はてなブックマーク - naoyaのはてなダイアリー - 隠さなくていいものは隠したってしょうがない

私は前のエントリーで書いたように

要約コメントを書いた中で、あまり人が知らなく、自分が詳しい、または人が関心があまり無いが自分はすごく関心があるというようなものは、はてなダイアリーのエントリーで取り上げます。

というスタンスで自分の考えを発表しています。なぜなら、そういうエントリーは自分の頭の整理になると同時に、多くの人に見てもらう可能性を増やすことで、ひょっとしたら私のエントリーをみて、よりブラッシュアップしたエントリーを書いて、トラックバックしてくれるかもしれないからです。ブラッシュアップしたエントリーは自分のためにも、人のためにもなるので一石二鳥だと。

私がP2PコミュニティのJnutella.orgを運営していたことを通じて得た教訓は実はここにあります。P2Pという言葉があまり知られていなかった1999年に何とか普通の人の代表である私はなんとか多くの人にそのコンセプトを理解してもらうために色々と考えました。

そこでたどり着いた結論は次のようなものです。

  • 自分が優れていると思っているアイデアは、おそらく世界中で何千人もが思いついている。
  • ただアイデアを思いついてそれを発表しようと思う人間となると急に少なくなる。
  • 更にそのアイデアを実現しようと思う人間はもっともっと少ない。
  • だから、とりあえず自分が持ってるものは情熱と速さ。
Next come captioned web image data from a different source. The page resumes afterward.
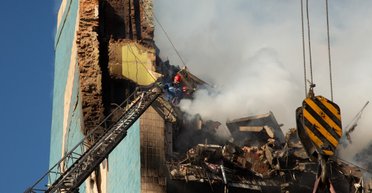 В Тернополе из-под завалов живым достали юношу: он пробыл под руинами более 8 часов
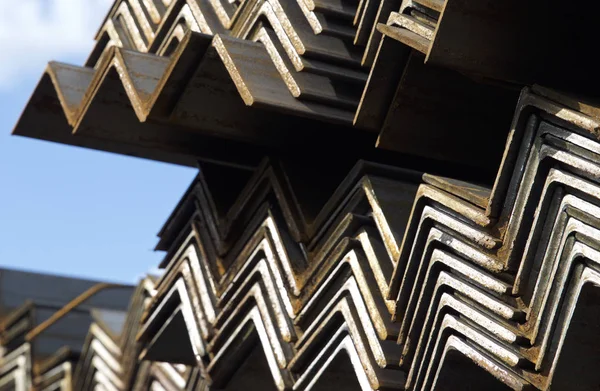 Metal profil açısı depodaki paketlerine metal ürünleri, Rusya Federasyonu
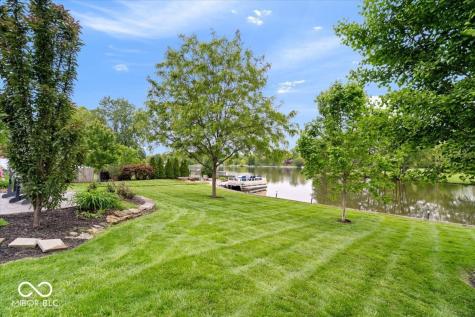 11416 E Lakeshore Drive Carmel IN 46033
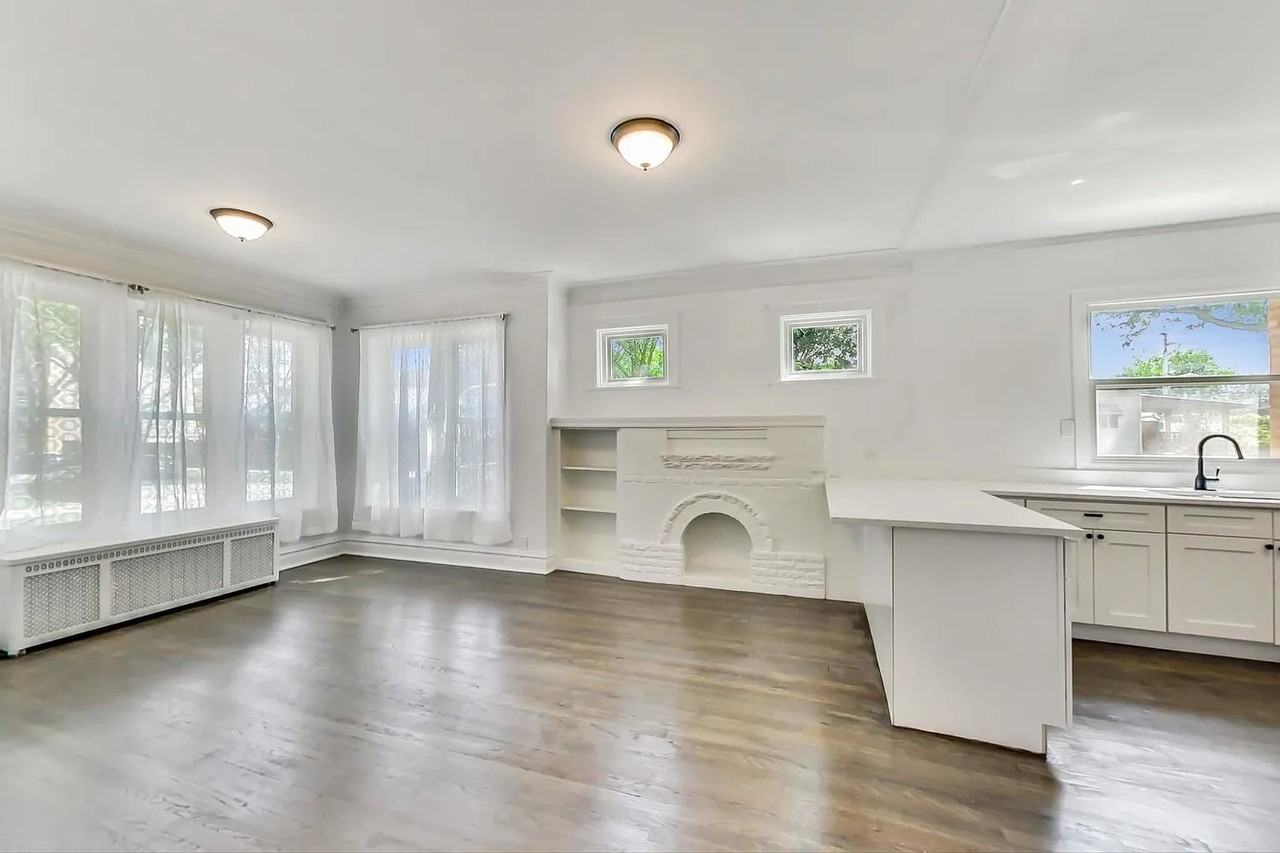 4300 N Richmond St #1 - Photo 4 of 16
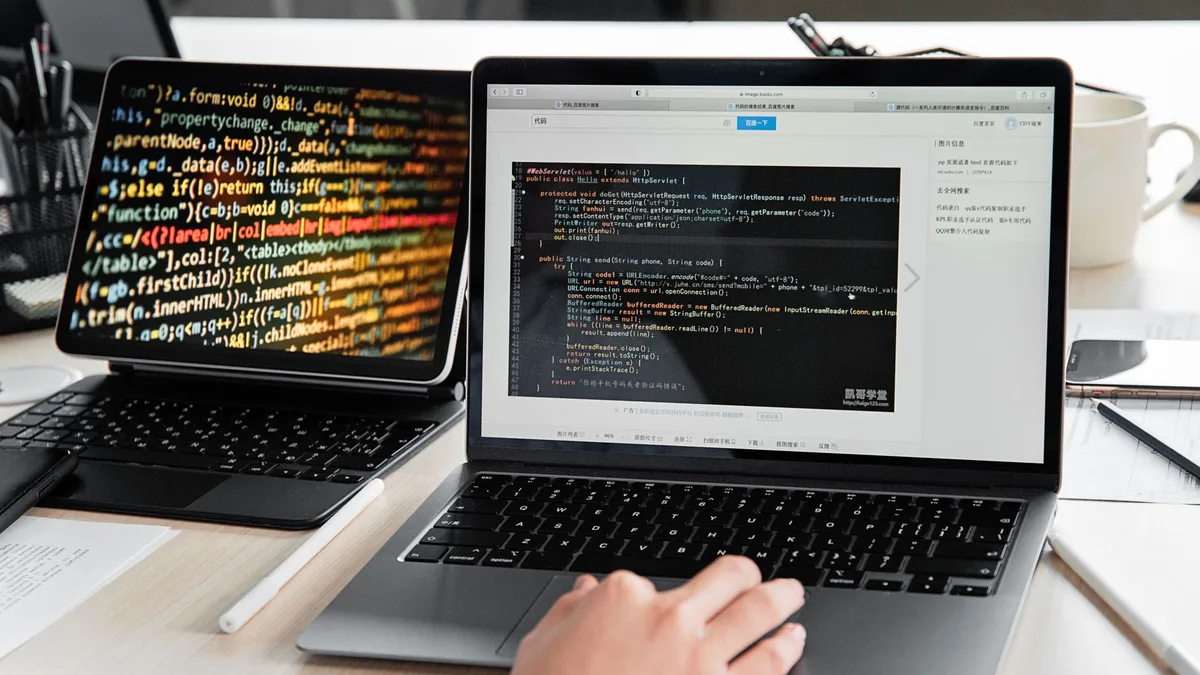 Dizüstü bilgisayarda internet siteleri üzerinde araştırma yapan bir kişi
それに加えてインターネットを通じた情報発信だ。

というわけで、自分の考えが現時点で未熟であっても、批判覚悟でどんどんインターネットで発表していく方が得と思ったので、私はアイデアを隠すことを止めました。

結果的にJnutella.orgというコミュニティは、多くの参加者を迎えることができ、P2Pの正しい認知にちょっとは貢献したかなぁと思っています。

当時はブログが無かったか、それほど一般的ではなく情報を伝える手段はメーリングリストとウェブサイトでしたが、今はブログ、ソーシャルブックマークがあり、比較にならないほど個人がものすごい速度で大きな影響力を持つ可能性があります。

企業活動において、収益を上げるために当然秘匿しなくてはならない情報はあります。ただ、私の考えではその割合はすごく小さいと考えていますが。

私自身がid:naoyaの情報公開に関する考え方をブログを通じて初めて知ったのですが(笑)、はてなという会社が同じ方向を向いてどんどん走れている理由が何となく分かった気がします。